◆ YOUR INSTRUCTIONS:
Transcribe the stretch of entries below from the line with "Armine Fermuarlı Astarlı" through the line with "Collagen Flim CHEEK", exactly and with both ends included; leave out all other lines.

◆ DATA FOR THIS EXERCISE:
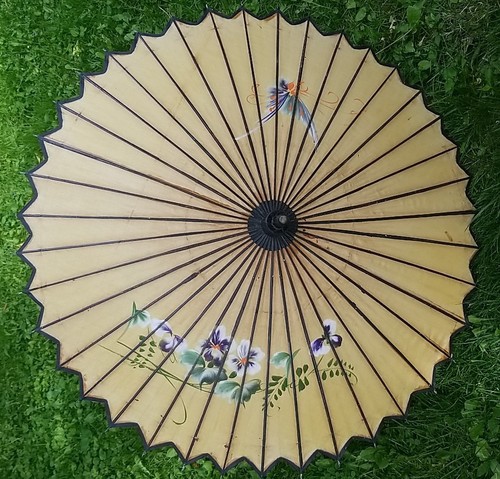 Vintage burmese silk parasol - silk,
==
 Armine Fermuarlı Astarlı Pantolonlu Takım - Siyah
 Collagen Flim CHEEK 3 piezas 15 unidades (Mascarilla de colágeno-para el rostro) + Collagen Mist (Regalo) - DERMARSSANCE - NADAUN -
--
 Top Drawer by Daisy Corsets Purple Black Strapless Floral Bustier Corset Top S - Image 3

◆ COMPLETED EXERCISE:
 Armine Fermuarlı Astarlı Pantolonlu Takım - Siyah
 Collagen Flim CHEEK 3 piezas 15 unidades (Mascarilla de colágeno-para el rostro) + Collagen Mist (Regalo) - DERMARSSANCE - NADAUN -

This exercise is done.